**Work task**
After locating the line with "brady&melivette棕色皮带扣法棍包2024新款复古百搭单肩腋下包" in the entries below, output it and each following line up to and including the line with "Cartes de rappel", exactly and without pictures.

**Source data**
────────────────
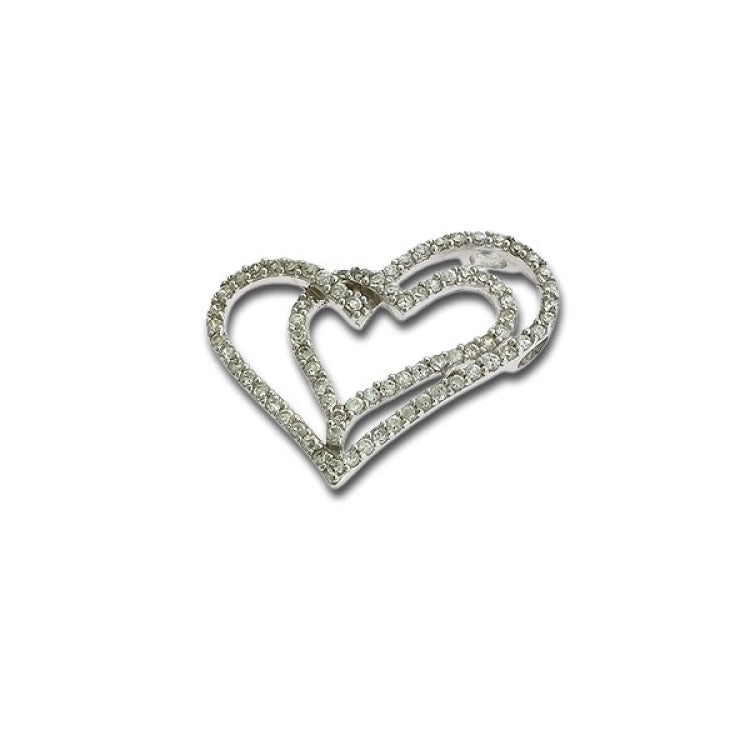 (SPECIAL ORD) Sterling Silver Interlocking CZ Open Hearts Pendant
────────────────
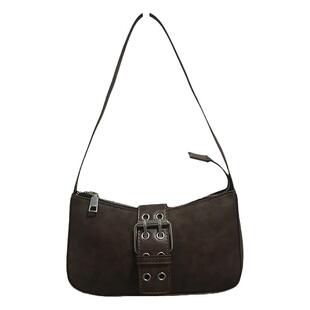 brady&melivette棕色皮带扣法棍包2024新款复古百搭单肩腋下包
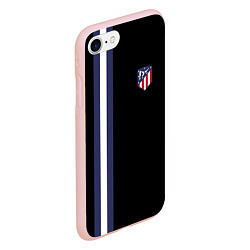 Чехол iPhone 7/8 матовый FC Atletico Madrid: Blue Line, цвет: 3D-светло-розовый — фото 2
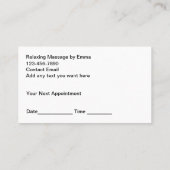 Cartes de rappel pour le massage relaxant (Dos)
────────────────
**Exercise output**
 brady&melivette棕色皮带扣法棍包2024新款复古百搭单肩腋下包
 Чехол iPhone 7/8 матовый FC Atletico Madrid: Blue Line, цвет: 3D-светло-розовый — фото 2
 Cartes de rappel pour le massage relaxant (Dos)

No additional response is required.